Xelhálh (Kuthlalth) (Present day I.R #3) holds special significance for us. Xelhálh was strategically located with the village overlooking the Fraser River, protected by a fortress and the river itself as there were several whirlpools and rapids that made it challenging to navigate to shore for those people unfamiliar with the area. In addition to the remnants of the fortress, Xelhálh was the home for a large number of people up until the 1850s, when the population was decimated by the smallpox epidemic and our remaining ancestors were moved, by the colonial government, to Shxw’ōwhámél to encourage them to pursue agricultural as way of building a subsistence economy. This shifted people away from relying on fishing, hunting, gathering and trade for feeding the community.
Over the years, our community has re-emerged from the threats posed by colonialism, small pox, loss of land, and residential schools. In the early 1970s, we had approximately 40 members. Currently, we have nearly 200 members. While we honour and respect the past chief and councils, the re-establishment of the traditional Si:yam system of governance in 1994 was an important milestone in our community's development. The construction of new houses and access to services has enabled us to strengthen our community and begin to re-establish our cultural roots.

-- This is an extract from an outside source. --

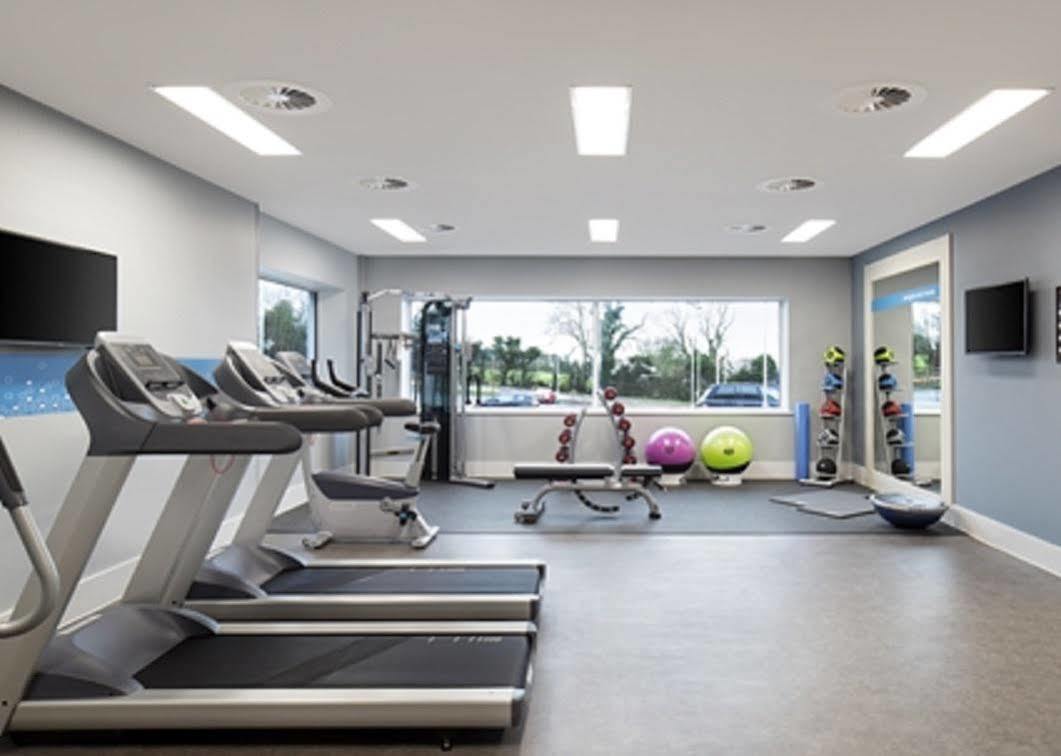Hampton By Hilton Bristol Airport Hotel Redhill  Luaran gambar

The story of the Sturgeon.
Long ago, the world was not quite right, everything seemed to be mixed up.
Our Elders tell us, there was a time where animals could talk to people
and people could change their shape. Into this world came X̱ex̱:áls, X̱ex̱:áls
came to transform the world and make it right. Some people call X̱ex̱:áls
the 'transformer', others say he was the 'Little Christ', and some call him
the 'magician'. X̱ex̱:áls had very special magical powers. He traveled
throughout the land transforming things into their permanent shape. He punished wicked people by transforming them into stone, and rewarded good people by transforming them into useful creatures. As X̱ex̱:áls traveled up the Fraser River, he transformed people at many places on his journey. It was winter when he reached the village known as Shxw’ōwhámel, he noticed that the people of the village were starving, mostly because it was difficult to find food in the winter months. The salmon and eulachon only came into the river in the spring and summer. During the winter, the river was empty.

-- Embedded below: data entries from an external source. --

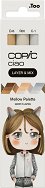   Copic Mellow Palette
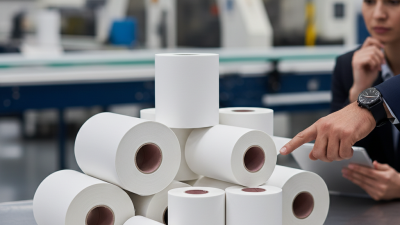 2026 Top Thermal Paper Roll Manufacturers What to Know?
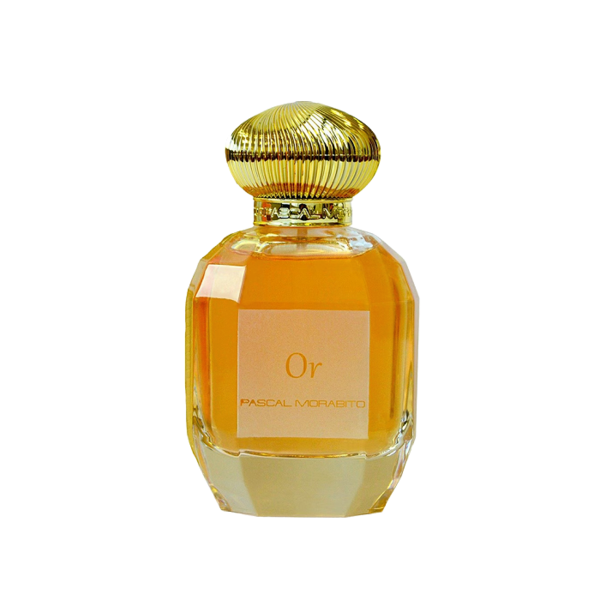 Pascal Morabito | Sultan Or | Eau de Parfum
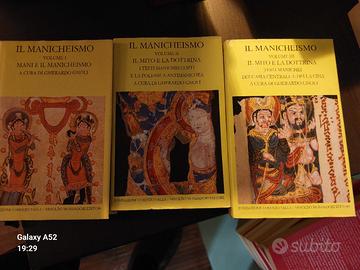 filosofia religione storia letteratura tutto da 5€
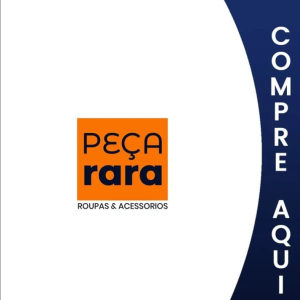 PEÇA RARA
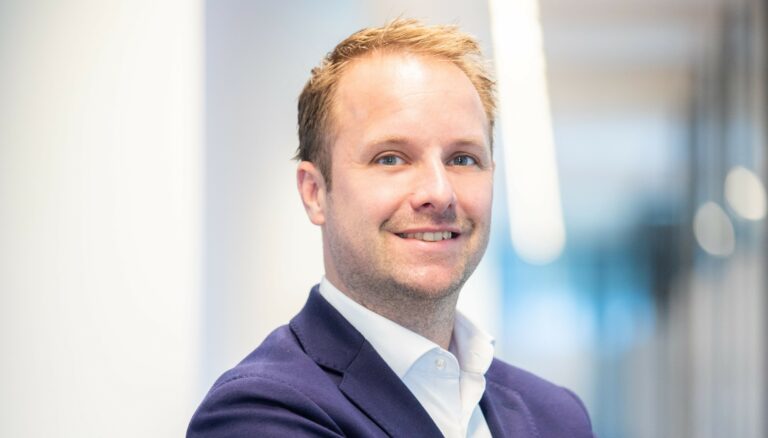 Joris van Gils appointed Partner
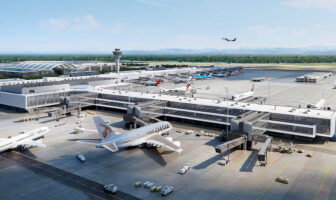 Munich to reopen Terminal 1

X̱ex̱:áls wanted to help the people of Shxw’ōwhámél, so he transformed one of the men of the village into the Sturgeon. The sturgeon was a fish to last in the river all year round. As time went on, the mans wife had become very lonely without her husband. One night, in her dreams, she was told to stand by the river and wait, and the next day she did. She carried her lunch, a piece of dried meat tied to her wrist, and stood by the river. As she stood there, in the snow, her husband called her to join him. She dove into the river and was transformed into the female sturgeon. Because she had her lunch tied to her wrist, all sturgeon today have a dark tasty meat behind their gills.